Ese deterioro relativo del parámetro comercial se traduce en precios menos favorables. “Este factor viene a influir de forma negativa en el precio pagado por tonelada por los compradores internacionales”, indicó el documento. A ello sumó que, en un escenario de cotizaciones que todavía “no convencían del todo a los productores”, la baja proteína “viene a poner un tope a los márgenes por un balance entre precio percibido y grandes volúmenes”.
El informe de la entidad incluyó un gráfico donde se observa la magnitud del salto: los embarques de noviembre se colocaron en la parte más alta de toda la serie histórica. Con exportaciones que superaron ampliamente el millón de toneladas, el mes se convirtió en uno de los más activos para el trigo argentino, impulsado por la extraordinaria cosecha que se está levantando.
Ese dinamismo temprano no solo refleja el avance de la cosecha, sino también la necesidad de colocar rápidamente los volúmenes disponibles ante un mercado internacional muy abastecido.

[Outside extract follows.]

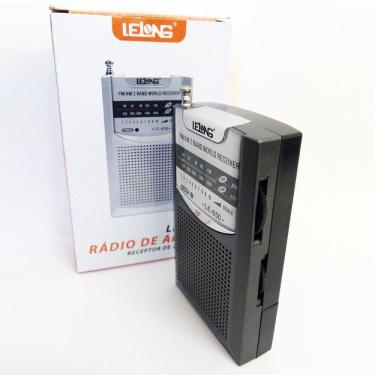 Imagem de Mini Rádio Portátil Am/Fm Lelong Le-650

La BCR también remarcó que esta dinámica se dio en un mercado mundial dominado por una abundante oferta. Subraya que el cereal local se comercializa en un escenario donde “las toneladas que se esperan desde la Argentina se sumarían a un mercado global que ya cuenta con niveles de oferta cargados”. Ese telón de fondo muestra que los principales orígenes productores —Estados Unidos, Ucrania y Brasil— transitan campañas de alta disponibilidad, lo que presiona la competencia en los destinos compradores y obliga a los exportadores a ajustar márgenes según calidad.